Police officers who risked their own safety trying to find a knife attacker in a burning flat and rescuing his neighbours have been nominated for a national bravery award.

Officers from neighbouring Gwent and South Wales forces worked together to track down a man with paranoid schizophrenia suspected of stabbing his father with a kitchen knife.

South Wales Police firearms officers PC Luke Francis and PC James Ruise went to the suspect’s home in Nelson, Caerphilly.

They were observing the property while other firearms units came to support and saw smoke coming from an upstairs window.



Worried for the safety of anyone inside the officers, now accompanied by an anonymous officer from Gwent Police, entered the upstairs flat. It was heavily engulfed in flames and thick smoke from a burning mattress in the bedroom.

The three officers made a number of attempts to enter the bedrooms to check if anyone was trapped, but were fought back by the increasing intensity of the flames and dense smoke.

Fire extinguisher

The officers tried to control the blaze using fire extinguishers but eventually had to withdraw from the property.

The citation for the Police Federation of England and Wales (PFEW) Bravery Award nomination, said: “In total, the officers were in the burning flat for a total of eight minutes, improvising search tactics – sometimes on hands and knees – while simultaneously keeping a firearm pointed at the possible location of an armed subject.”

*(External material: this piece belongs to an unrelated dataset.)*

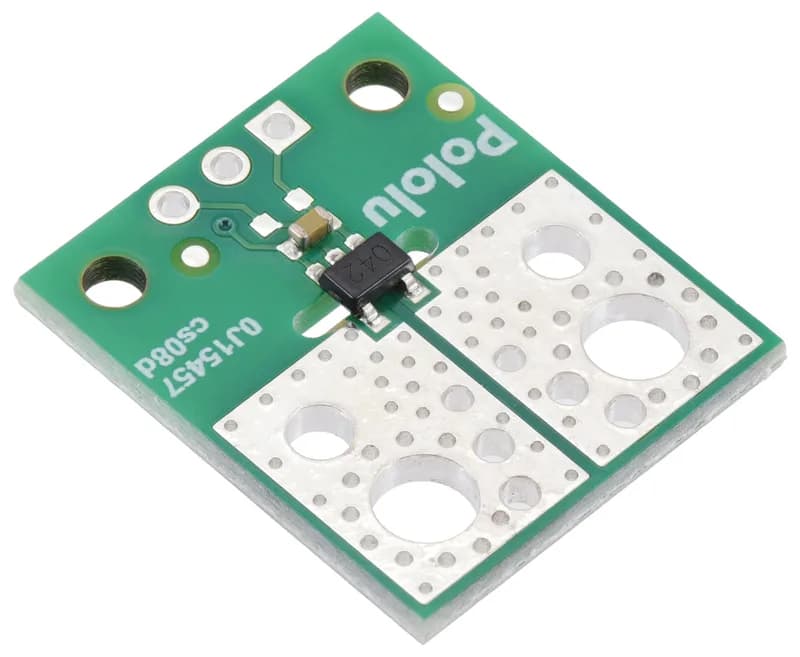 ACS37042KLHBLT-030B5 -30+30A 5V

Meanwhile, due to the threat of the fire spreading, Sergeant Geraint Hopkins and PC Ashley Joseph, of Gwent Police, carried out searches of adjacent properties and evacuated two people and a dog.

The nomination citation continued: “After around an hour of firefighting the flames, a compromise tactical plan was created which resulted in Sergeant Hopkins, PC Joseph, PC Ruijs and PC Francis entering the property with partial respirators, supplied by the fire service.

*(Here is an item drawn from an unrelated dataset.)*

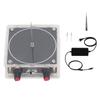 Bluetooth Music Coil Dual Mode 8cm Solid Wireless Transmission Experiment Arc Plasma Coil 100?240V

“The search was particularly dangerous due to the ongoing threat, smoke and a degrading structure with a possibility of collapse. On three occasions the officers were held back due to the flames re-igniting within the property.”

At the same time, work by the Force control room and a negotiator had resulted in a phone call with the suspect, who was nearby and hiding.

The suspect agreed to give himself up and was arrested for grievous bodily harm and arson with intent to endanger life.

The five officers have all been nominated for a PFEW Bravery Award.

Their citation said: “The officers on this occasion demonstrated the utmost bravery showing unbelievable courage and the highest levels of public service putting their lives before that of another.”

Lives at risk

Vice-chair of South Wales Police Federation Phil Walker said: “Every day, police officers put their lives on the line to protect members of the public. This is, without a doubt, an example of that. 

“Each of the officers nominated demonstrated undeniable bravery and courage, on so many levels, that day. All of them put their own safety at risk to save the lives of others. 

“We are very proud of our nominations, and with them every success at this year’s ceremony.”

The event, which is held annually by the Police Federation of England and Wales, will take place on 11 July in London.